START Dataset extract
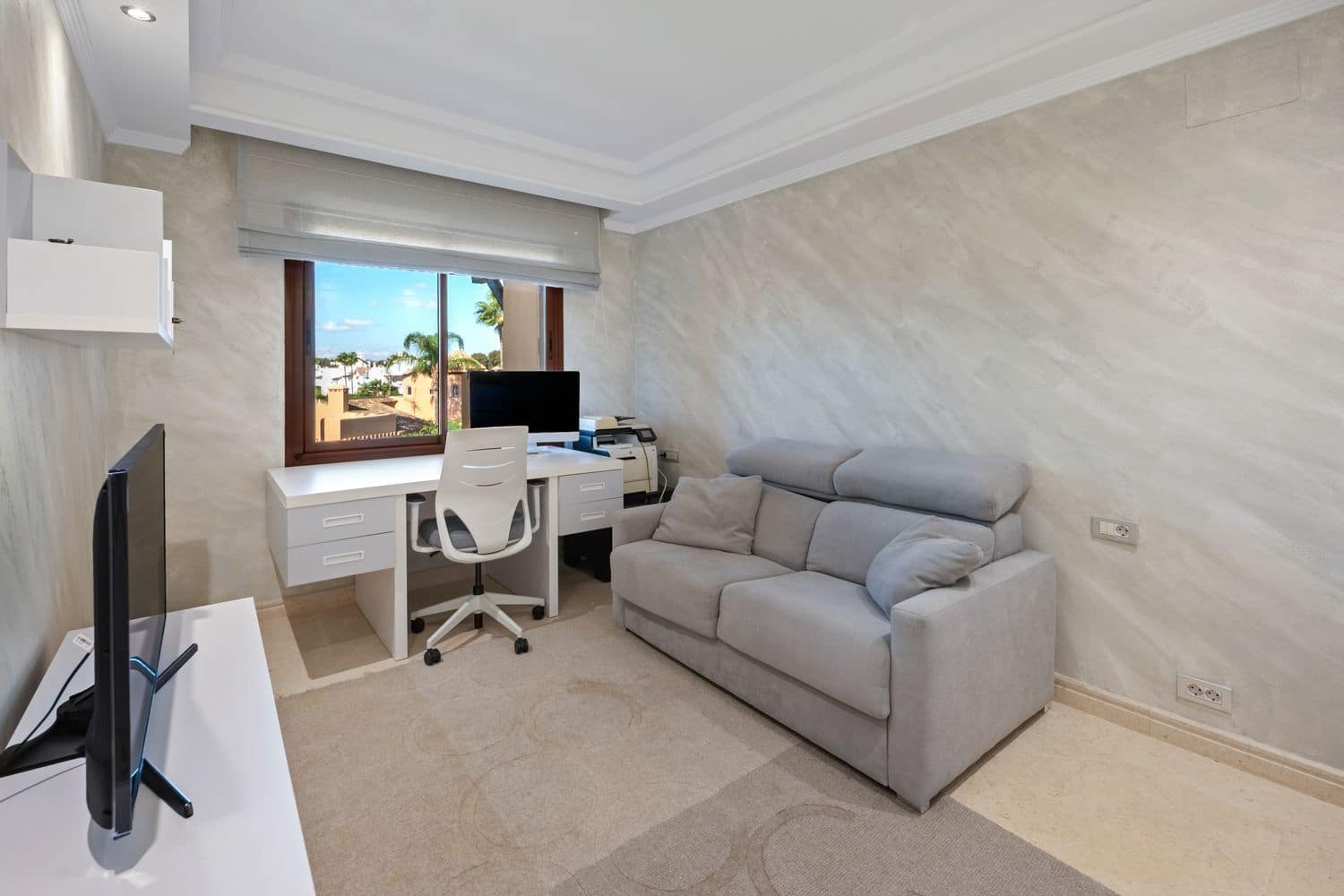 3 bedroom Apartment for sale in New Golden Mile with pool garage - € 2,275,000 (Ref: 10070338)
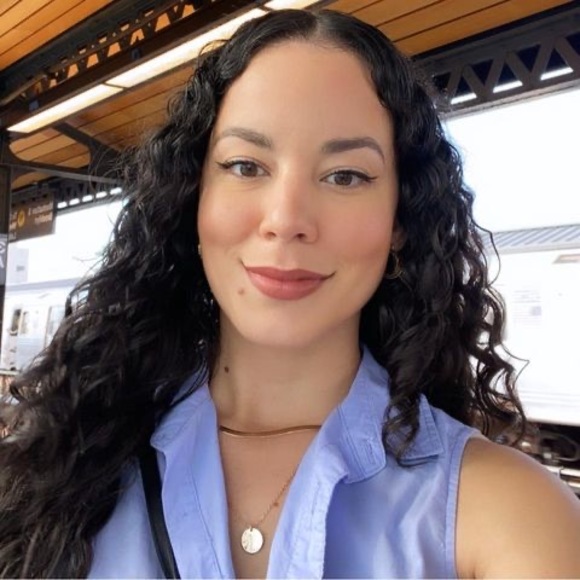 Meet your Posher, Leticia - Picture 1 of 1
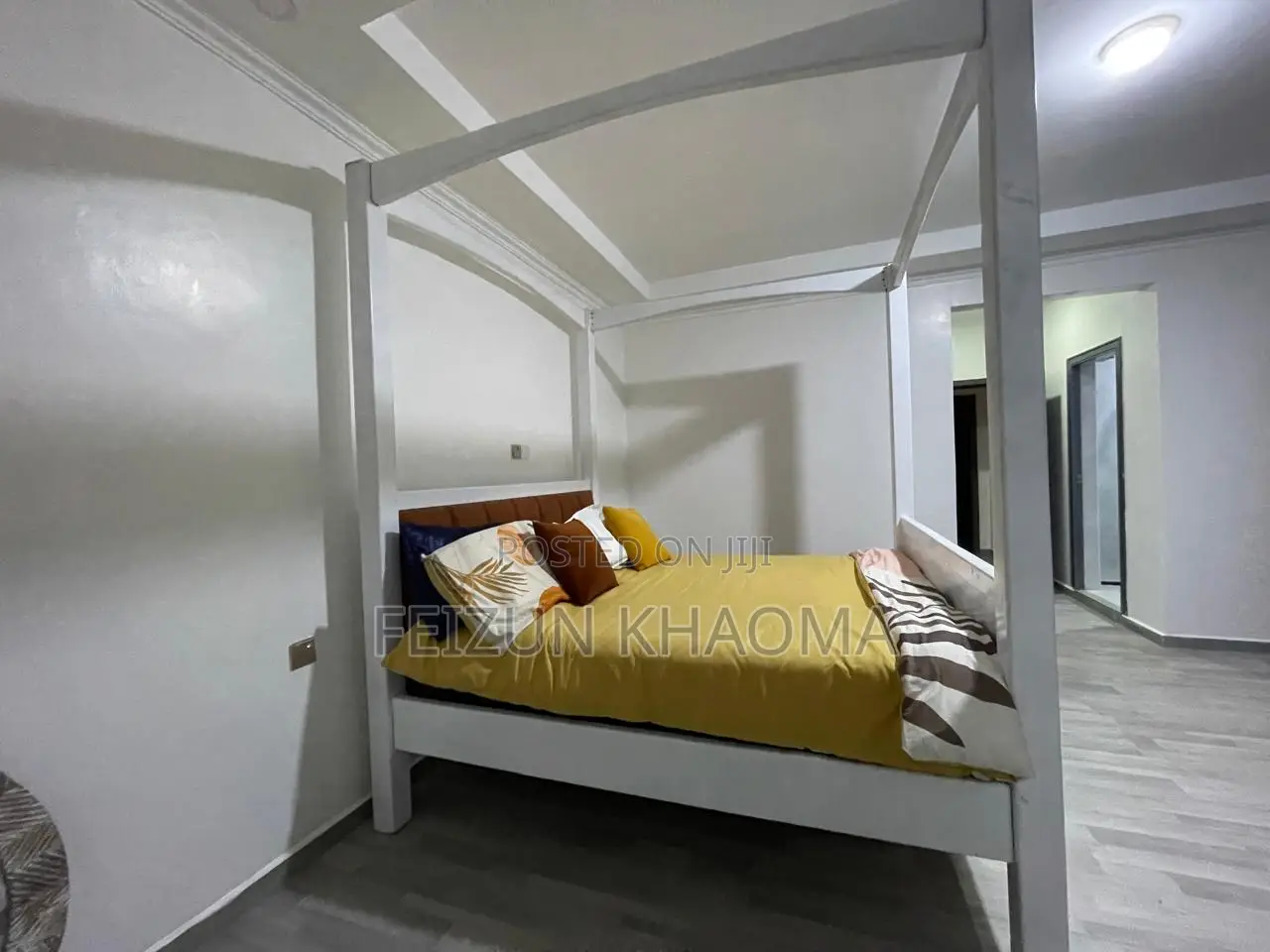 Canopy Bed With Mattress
END Dataset extract
Work task:
Transcribe the data exactly and leave no picture in the copy.

Response to this exercise:
 3 bedroom Apartment for sale in New Golden Mile with pool garage - € 2,275,000 (Ref: 10070338)
 Meet your Posher, Leticia - Picture 1 of 1
 Canopy Bed With Mattress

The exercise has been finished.